Jamás las he satanizado, en primer lugar. Las considero un terreno igual de provechoso para el responsable, como peligroso para su opuesto; cada cual hace un uso de ellas acorde a su personalidad y, por ende, a todos nos conviene disfrutarlas con la misma precaución con que recorremos las calles a diario.
De hecho, con el tiempo me convenzo más de que el peligro nos lo provocamos nosotros, esos seres adyacentes a ellas. Tanto el que se entrega sobremanera o el que pregunta demasiado desde la oscuridad de un perfil dudoso. Por algo hay expertos en ciencias de la información en cuyas declaraciones solo les falta echarse las manos a la cabeza cuando se habla de este tema.
No obstante, por simplificar el análisis al menos en uno de sus puntos más evidentes, esta vez preguntémonos si no nos estamos pasando de nuestra propia raya, la que demarcan nuestro cuerpo y psique. Si por abuso de las redes hemos dejado de lado en los últimos días a quien nos acompaña en la cama; si por no apartar el móvil comemos más ansiosos y la cena (quizás escasa, para colmo) no entiende ya de buena digestión; si el deseo incontrolable de revisar mensajes nuevos se ha convertido en despertador y cada vez suena más temprano.

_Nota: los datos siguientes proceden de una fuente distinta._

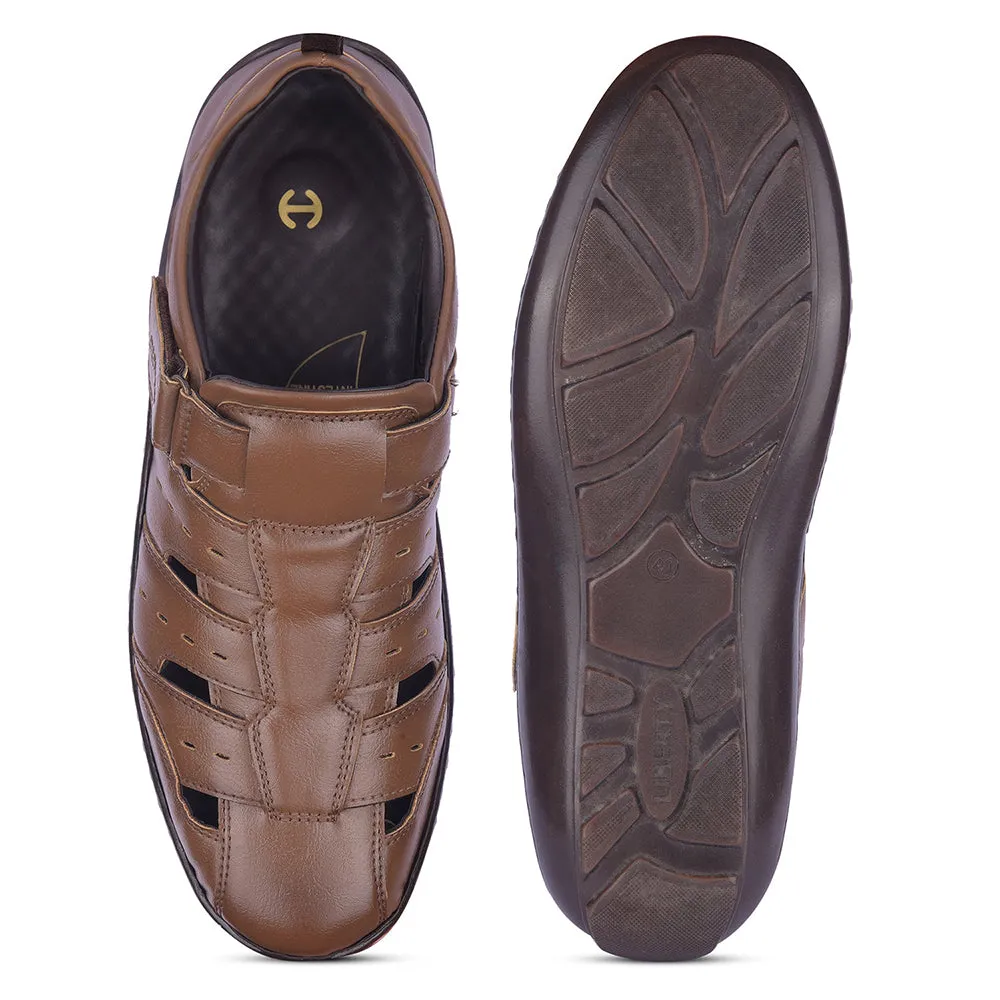 Healers By Liberty Mens LB130-500E Tan Casual Sandal
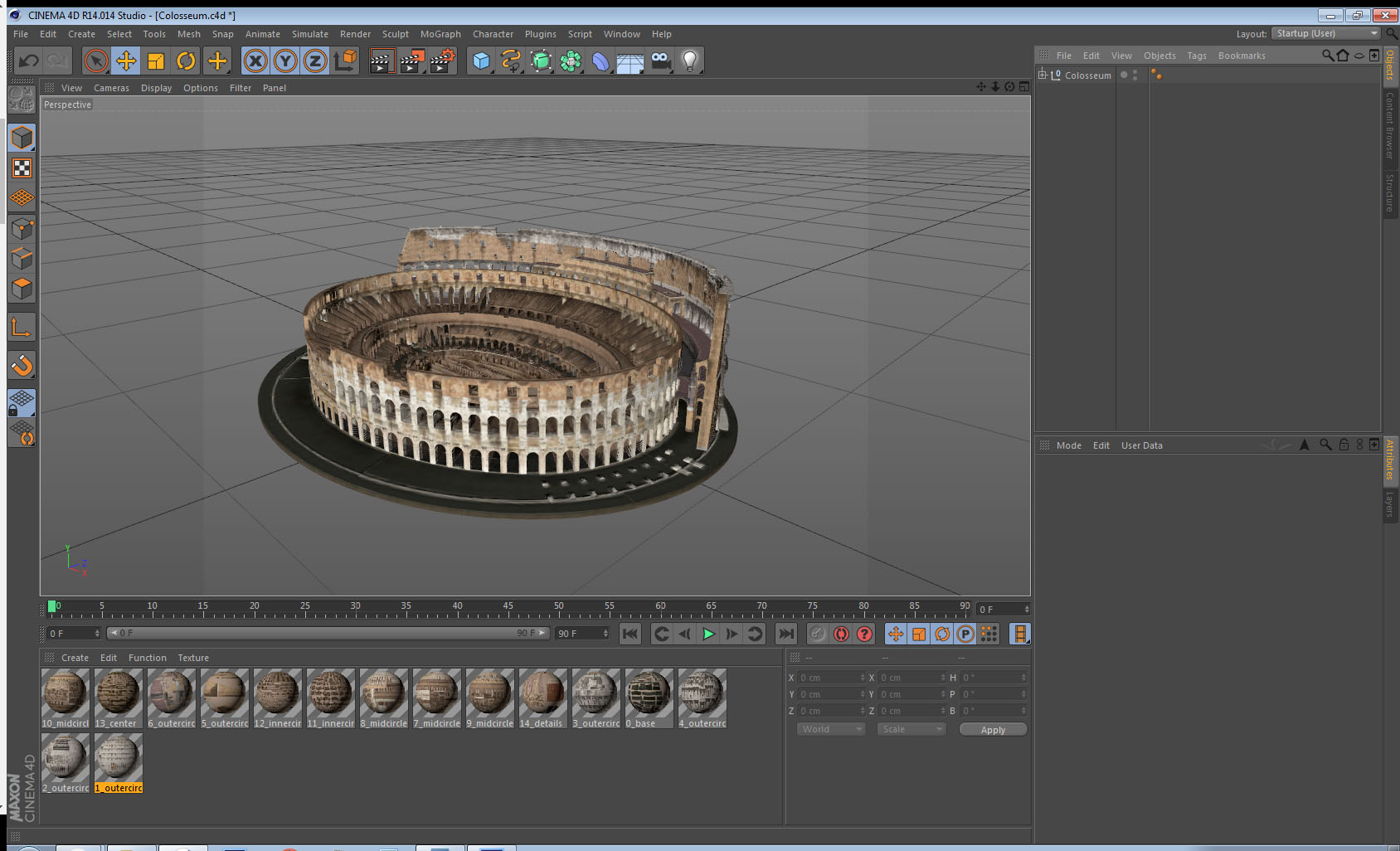 Colosseum 3D model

Todo ejemplo es admisible, pues toda persona cae a su forma y ritmo bajo el influjo de una tendencia. Ni siquiera la mensajería más tradicional vertebra este fenómeno: véase cuántos priorizan los reels o los posts, y la cuenta será abrumadora.
No es que ellas hayan pasado a dominarnos, como el fatalismo tienta a decir: nos hemos dejado de dominar a nosotros mismos, y ya luego ellas han tomado el control vacante, porque solemos recibir sin reservas aquello que nos provee con facilidad de un variado contenido (coloquial, humorístico, ideológico, sexual…) y no nos exige movernos. Ya desde el pasado siglo los estudios de las comunicaciones de masas se centraban en las similares consecuencias de la televisión a partir de su auge.
Determinados fenómenos, por distintos medios, nos repercuten de modo similar aunque cambie el canal a través del cual se manifiestan. Y si la afición desmesurada del ser humano hacia una pantalla pequeña resultó preocupante décadas atrás, no menos lo es ahora, incluso con una pantalla aún más pequeña y con un apego aún más excesivo.
No es posible que mi tutorado de la universidad apenas se concentre en el estudio por estar prendido a su smartphone, ni que las visitas intrafamiliares se vuelvan un parque de conectividad, ni que un cansancio descomunal me haya inspirado a escribir esto por una sobredosis de reels. Más horas de comunicación entre usuarios no pueden significar más horas de incomunicación entre cohabitantes del mundo tangible. Y mucho menos una madrugada en vela, de preámbulo al amanecer de los muertos vivientes: los que durmieron con los datos puestos.